Having this network gives the shops more leverage, enabling them to pool their resources to negotiate with brands, trade shows and the industry at large. “These shops have a history of taste and style and an incredibly refined understanding of fashion,” says Dell’Oglio. “Buyers in Italy are great, instinctive forecasters of changing trends. They have the capital and the willingness to take risks with their products and their clientele is eager to follow them.” Opposite, we asked Dell’Oglio to select five standouts.

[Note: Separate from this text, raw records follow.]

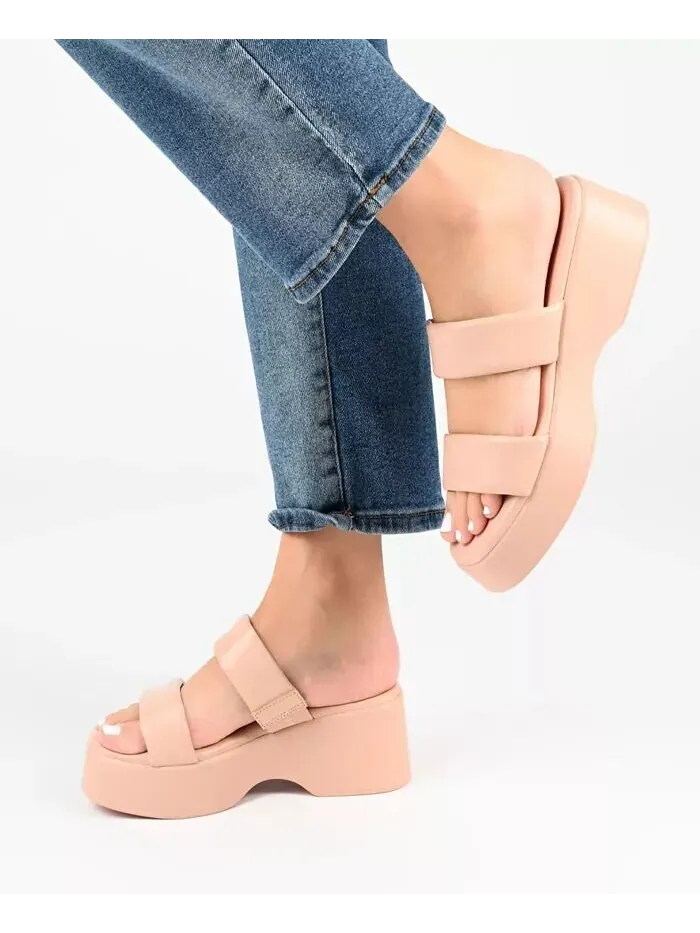 Женские босоножки Veradie на платформе Journee Collection — изображение 6 из 6, пудровый розовый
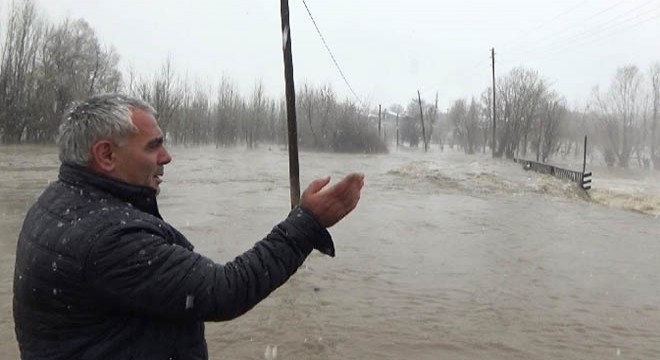 Karakoçan'da yağmur sele neden oldu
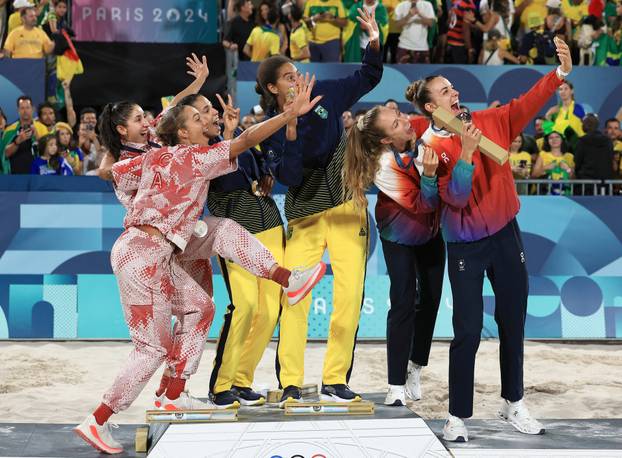 Beach Volleyball - Women's Victory Ceremony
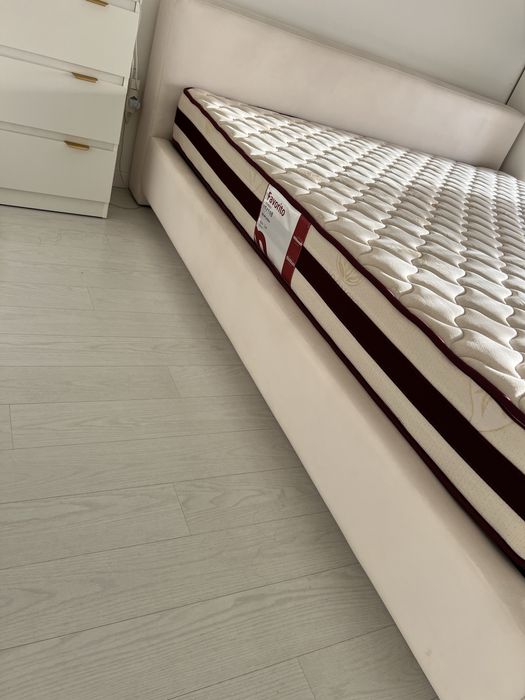 Cama + Colchão de 190x200 NOVO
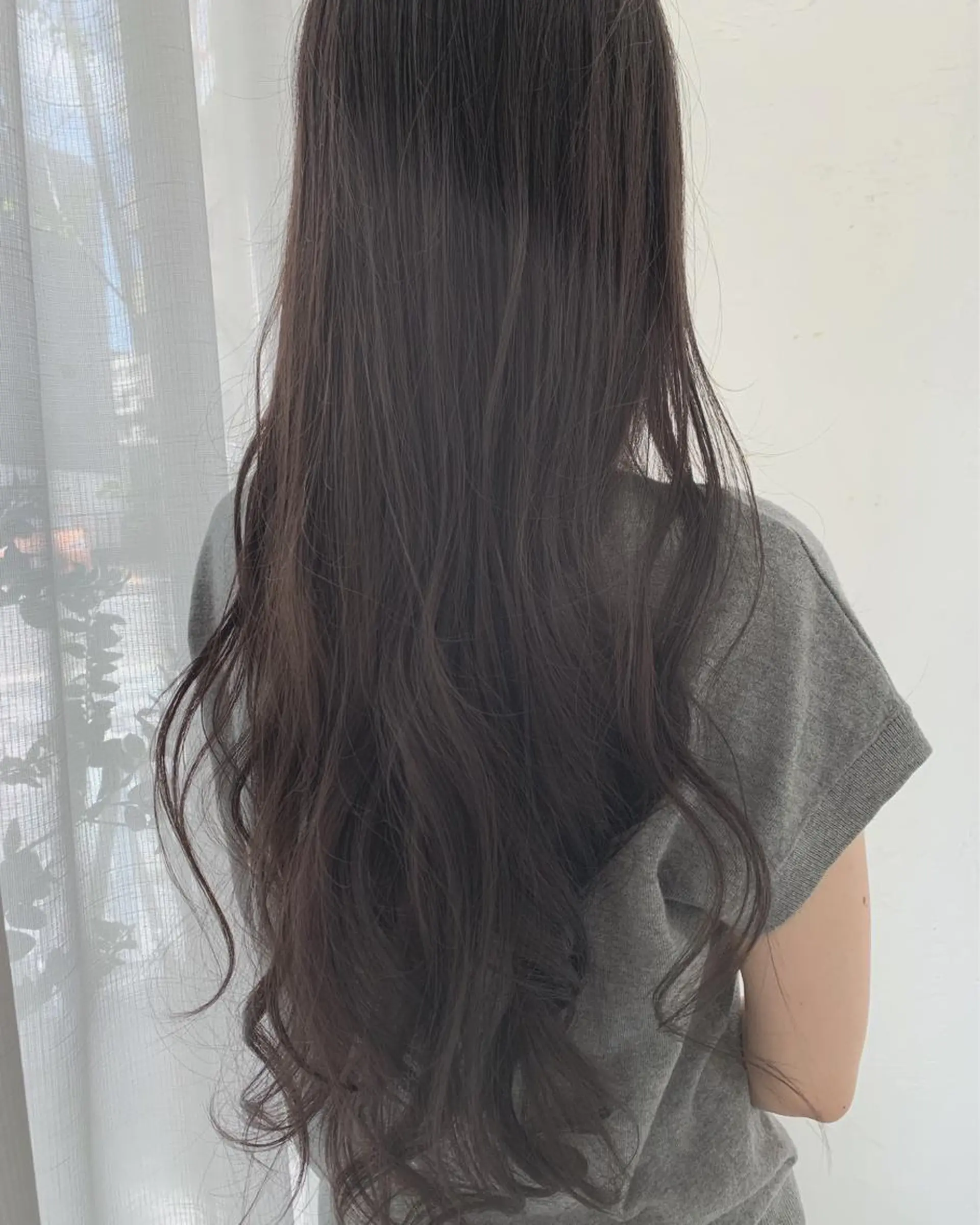 ロング カラー fio マナミのヘアスタイル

Five of Italy’s best shops according to Dell’Oglio:

1.

Eraldo

Location: Ceggia, Veneto
Town population: 6,000
Doing business since: 1947
Key brands: Chloé, Valentino, Balenciaga, Prada, Fendi, Loewe, Undercover, Sies Marjan, Wandler

“Buyer Alberto Ferrante has an incredibly strong sense for the latest fashions. He’s very confident and aware of everything going on in the world, from Europe to Seoul and Tokyo, so he buys a lot of cutting-edge trends but he buys very precisely. It’s not just about stocking New York streetwear; he understands which pieces are fundamental and he’s confident about forecasting the items clients will want next season. Alberto is fantastic with making daring choices and he manages to perfectly pair his niche brands with the biggest names in fashion.”
eraldo.com


2.

Nugnes 1920

Location: Trani, Puglia
Town population: 56,000
Doing business since: 1920
Key brands: Gucci, Prada, Saint Laurent, Vetements, Heron Preston

“Nugnes brings together the best of two worlds: it’s a classic boutique in the Italian tradition of custom tailoring, as well as a contemporary ready-to-wear shop. An important platform for fashion in Puglia – and Italy – it stocks top brands alongside emerging designers. Bespoke men’s tailoring is still an active part of the shop and buyer Beppe Nugnes is good at recognising high-quality craftsmanship and well-constructed items – all with a fantastic sense of design.”
nugnes1920.it


3.

Suit

Location: Lecce, Puglia
Town population: 96,000
Doing business since: 1995
Key brands: Wandler, Cult Gaia, Tagliatore, Prada, Gucci, Off-White, Vetements

“Suit is defined by an incredible sense of aesthetic rigour. It has the simplicity, minimalism and attention to detail that create an amazing shop. Buyer Gianfranco Bray always carries a range of top fashion brands but also a very special selection of lesser-known ones that make the shop distinctive. Today this kind of uniqueness is being lost among boutiques because big brands pressure buyers to be homogenous. They want to make sure that shops carry just the right, pre-approved selection of brands – Celine, Prada, Dior, Gucci – to guarantee that merchandise is at a proper level. And they want to choose the pieces for buyers too so the range is then the same at a lot of places. How can a buyer like Bray put his personal mark on his shop then? Only by buying niche brands – and he has a real talent for that.”
suitnegozi.com

4.

Il Duomo

Location: Novara, Piedmont
Town population: 104,000
Doing business since: 1985
Key brands: Lanvin, Saint Laurent, Gucci, Gianvito Rossi, Attico, Yeezy

“Il Duomo is a very old shop but it’s very dynamic because the buyer, Ercole Cellino, is young and has a strong desire to make it an important venue for fashion. He makes risky choices but gets great results. Buying for a small town is tricky – the more extreme styles are easy to sell in Milan but he manages to stock them and have success with them in little Novara. Il Duomo has become a destination, not just for people from the area but from all over.”
ilduomonovara.it


5.

Rail

Location: Brescia, Lombardy
Town population: 197,000
Doing business since: 1994
Key brands: Dior, Balenciaga, Raf Simons, Azzedine Alaïa, Tom Ford, Fear of God, Doublet, Alyx

“Alessandro Belardinelli is a great innovator. The second generation to run the shop, he’s young – just 42 – and he’s made Rail a place for international fashion. He goes to London and New York to buy and picks up things that are sometimes fairly extreme, especially for a small city. He’s focused on social media and brings in a lot of young clients that way. He’s used the store and these online tools as platforms to generate a strong following for his avant-garde vision of streetwear fashion.”